======== TASK INPUT
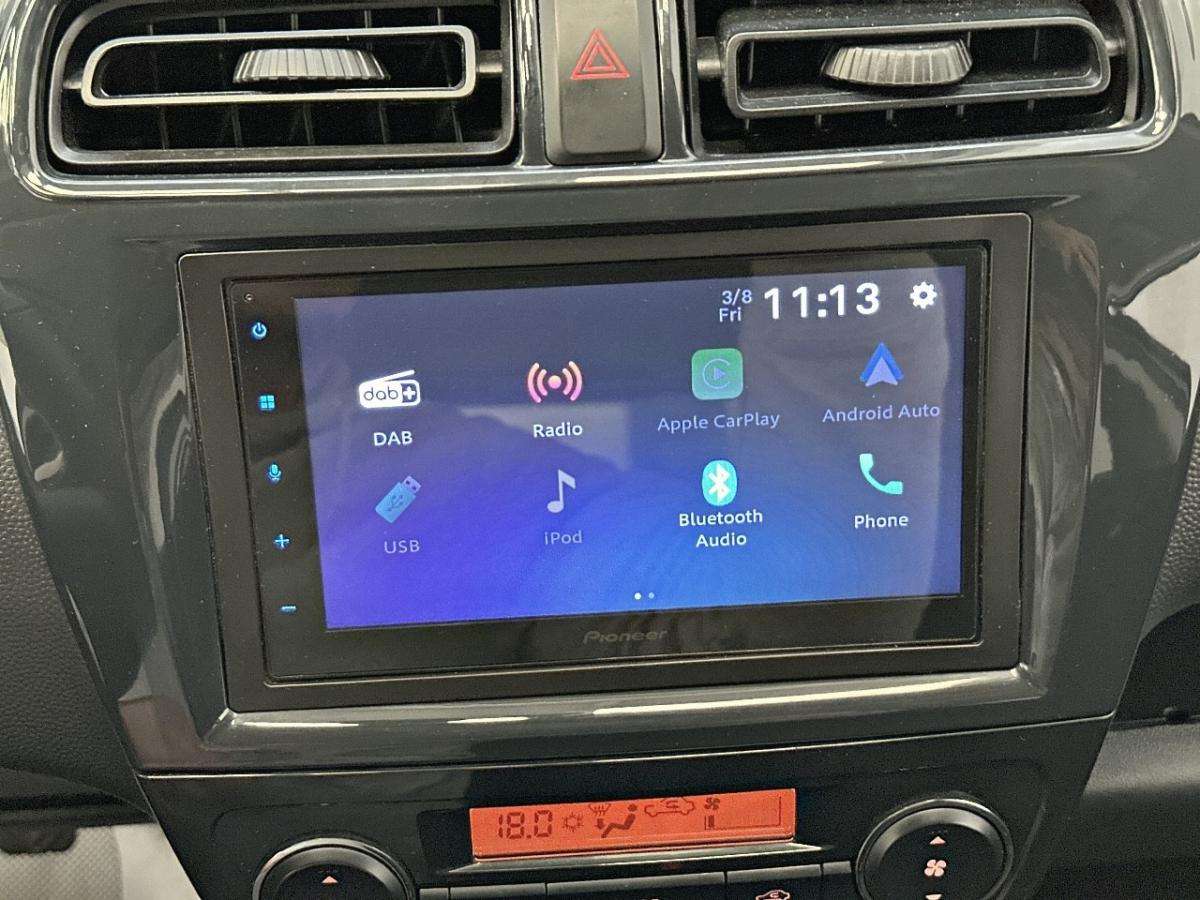 mitsubishi-space-star-2025-gasolina-1193cc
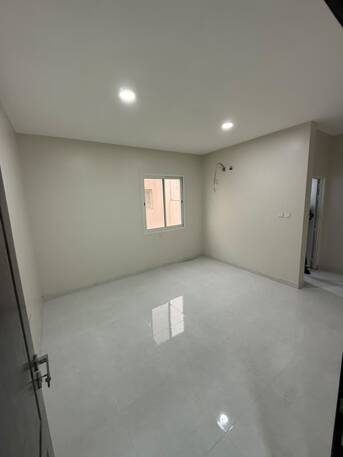 Jubail, Apartments, Flats, Houses & Villas, 2 Bhk & 3bhk Brand New Building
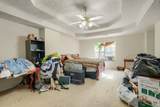 1190 Bramlett Forest Trail - Photo 17
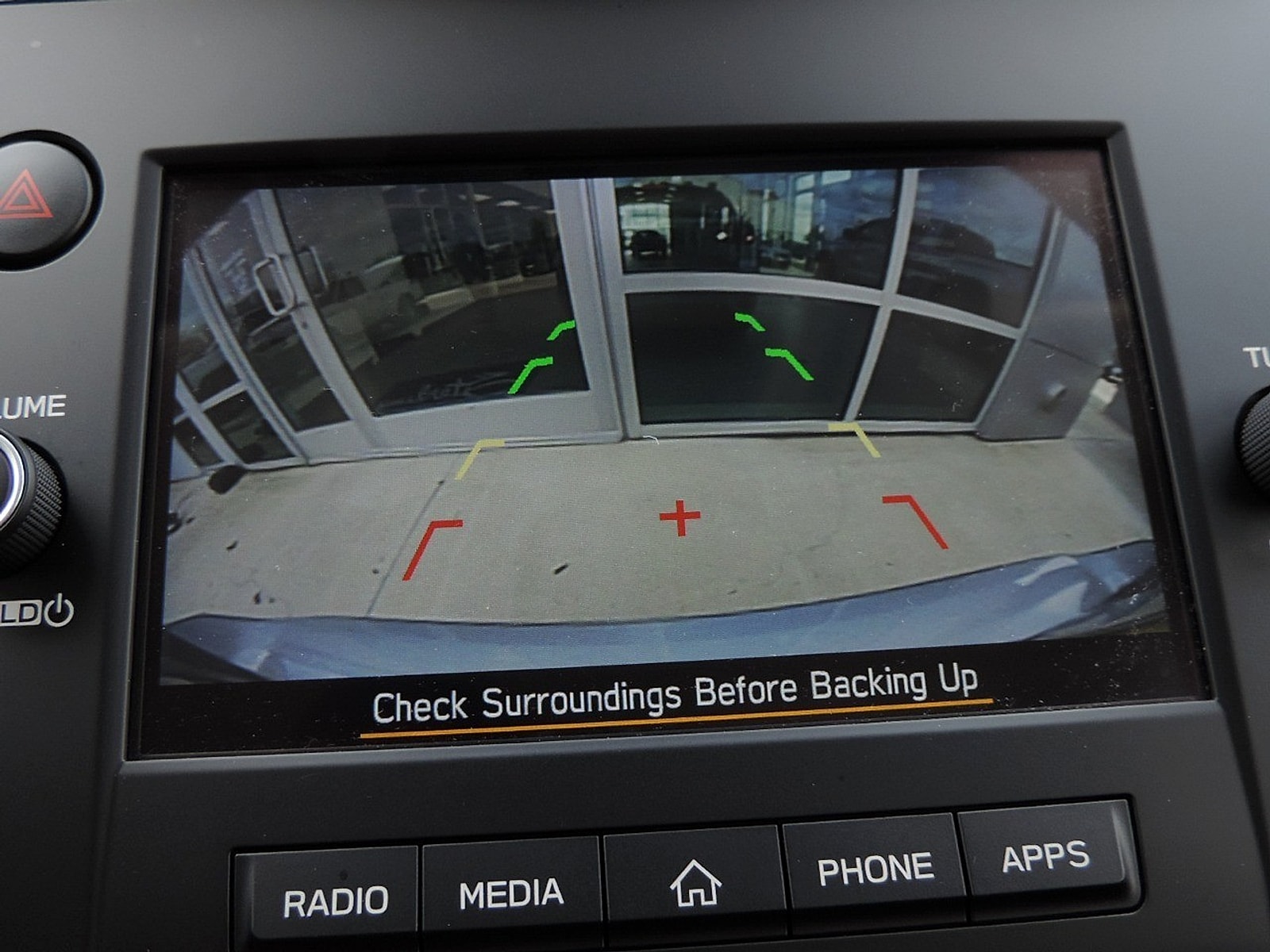 2025 Subaru Impreza Base - Photo 28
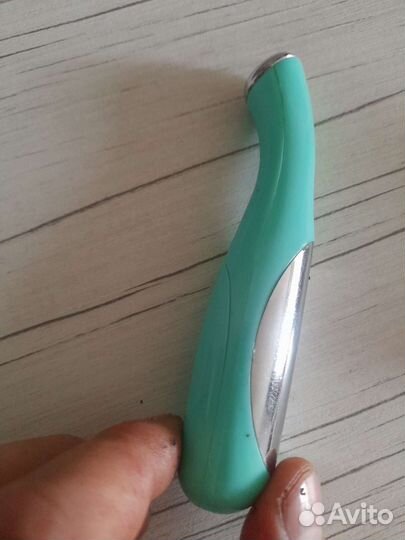 Массажер для лица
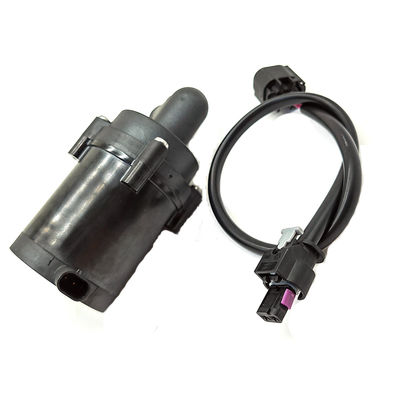 پمپ آب کمکی Oe 3C0965561 قابل استفاده برای آئودی VW Seat Skoda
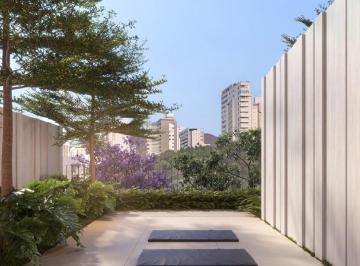 apartamento-com-1-quarto-em-belo-horizonte-mg-no-bairro-sion-imovel433705-img6a31764fb85ee.jpg · Apartamento com 2 quartos à venda em Belo Horizonte, no bairro Sion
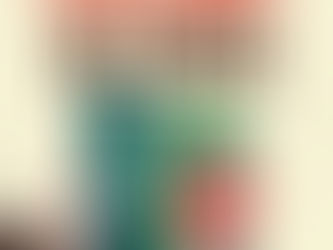 Holiday coffee magic is here! ✨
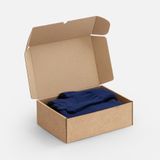   Urban Flow Full Set Touch, -...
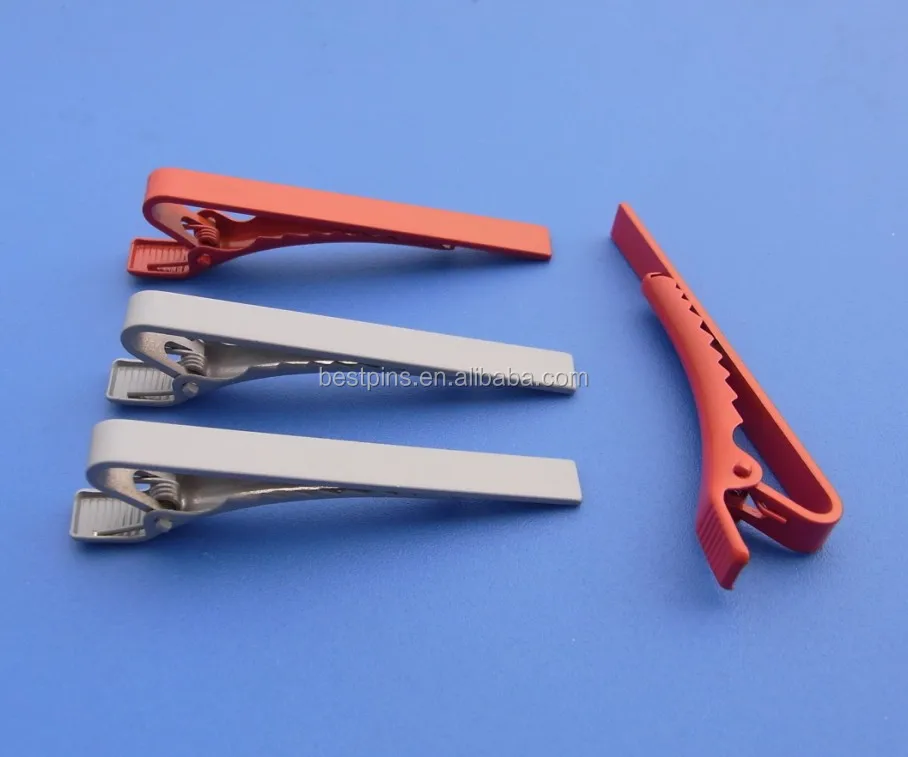 tie bar samples-2.jpg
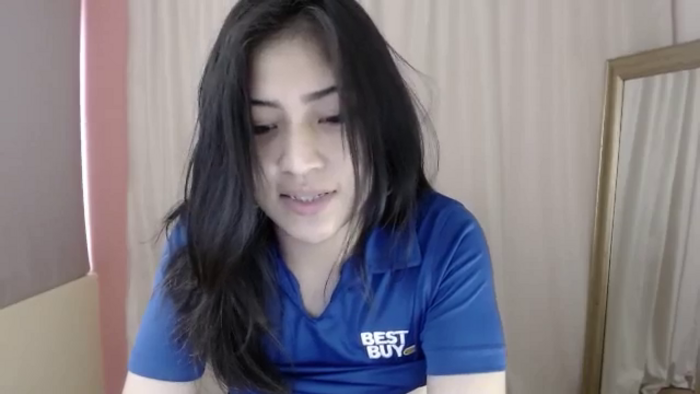 Valeska_kai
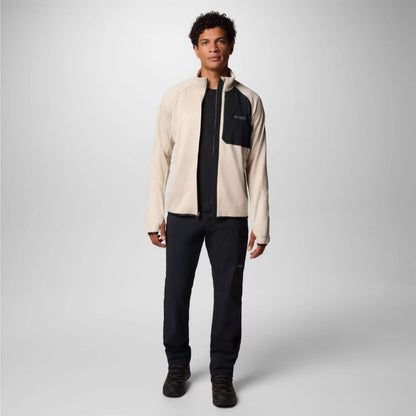 Campera | Columbia Triple Canyon | Hombre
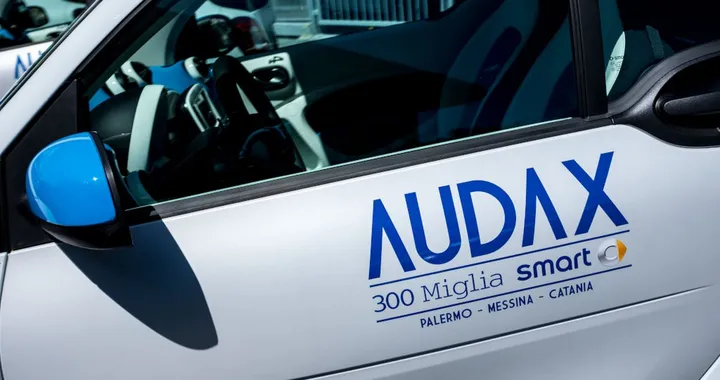 AUDAX_300Miglia_smart__5__1959028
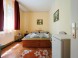 Balaton Panzió 15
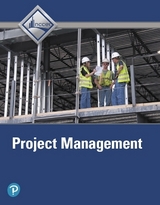 Project Management - NCCER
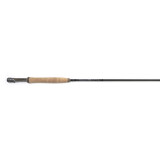 Douglas Sky G Freshwater Fly Rod 9 #4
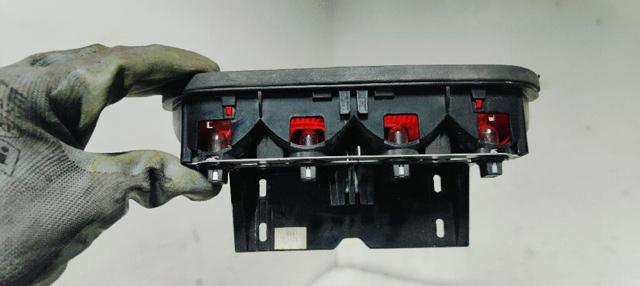 MERCEDES 1688200056 Tercera luz de freno comprar Pamplona
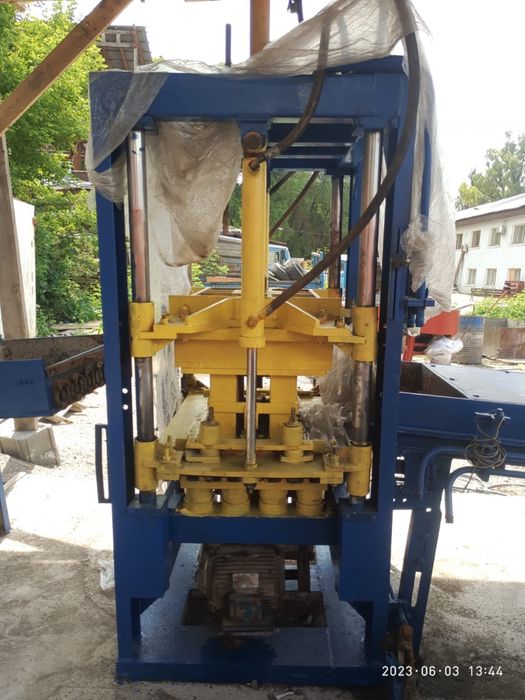 Продам станок в хорошем состоянии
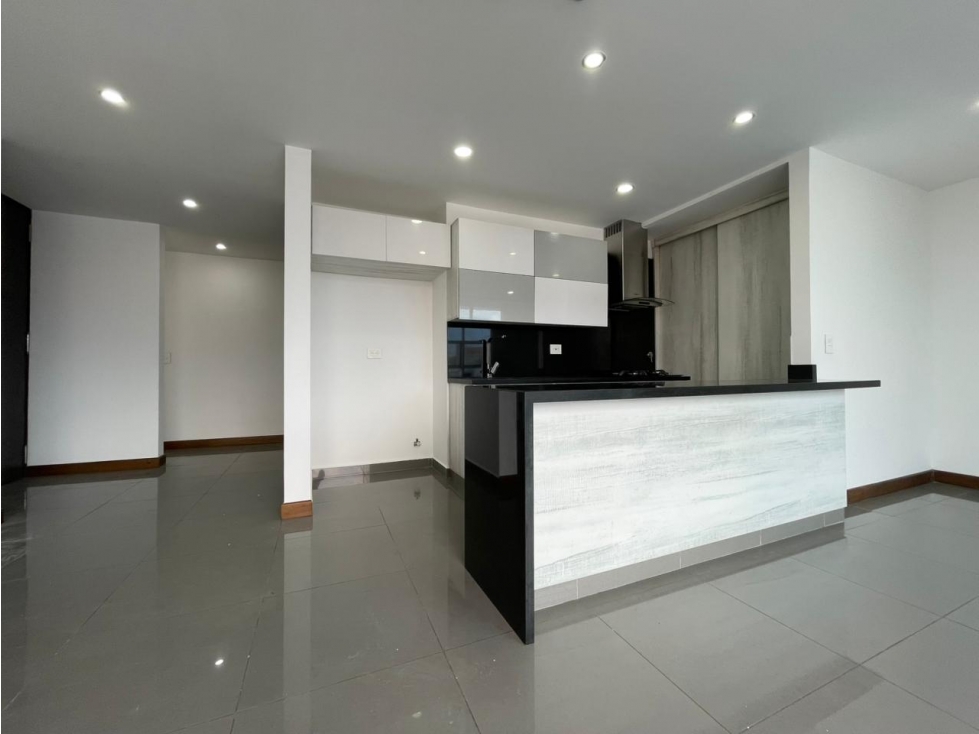 PENTHOUSE DUPLEX ESPECTACULAR - VISTA PANORAMICA - LAURELES — foto 6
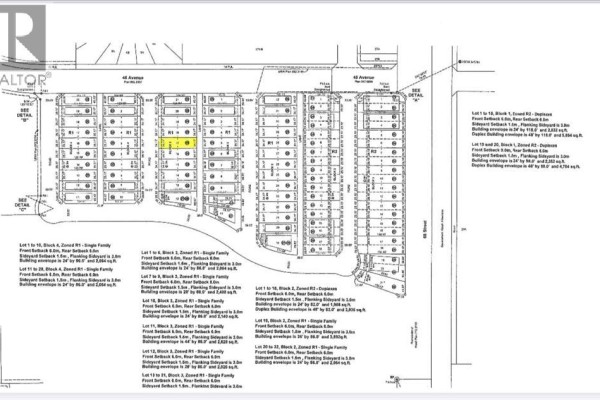4425 71 Street, Camrose, AB T4V2P7 Photo 2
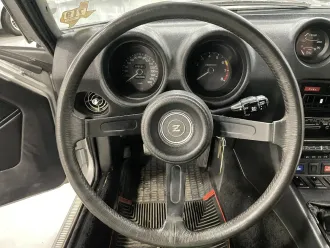 20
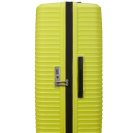 Валіза 81 см Upscape LIME, Фото №6(Мініатюра) - samsonite.ua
================
> [WORK ORDER] Your reply is the full set of entries reproduced exactly, with images omitted.

> [RESPONSE]
 mitsubishi-space-star-2025-gasolina-1193cc
 Jubail, Apartments, Flats, Houses & Villas, 2 Bhk & 3bhk Brand New Building
 1190 Bramlett Forest Trail - Photo 17
 2025 Subaru Impreza Base - Photo 28
 Массажер для лица
 پمپ آب کمکی Oe 3C0965561 قابل استفاده برای آئودی VW Seat Skoda
 apartamento-com-1-quarto-em-belo-horizonte-mg-no-bairro-sion-imovel433705-img6a31764fb85ee.jpg · Apartamento com 2 quartos à venda em Belo Horizonte, no bairro Sion
 Holiday coffee magic is here! ✨
   Urban Flow Full Set Touch, -...
 tie bar samples-2.jpg
 Valeska_kai
 Campera | Columbia Triple Canyon | Hombre
 AUDAX_300Miglia_smart__5__1959028
 Balaton Panzió 15
 Project Management - NCCER
 Douglas Sky G Freshwater Fly Rod 9 #4
 MERCEDES 1688200056 Tercera luz de freno comprar Pamplona
 Продам станок в хорошем состоянии
 PENTHOUSE DUPLEX ESPECTACULAR - VISTA PANORAMICA - LAURELES — foto 6
4425 71 Street, Camrose, AB T4V2P7 Photo 2
 20
 Валіза 81 см Upscape LIME, Фото №6(Мініатюра) - samsonite.ua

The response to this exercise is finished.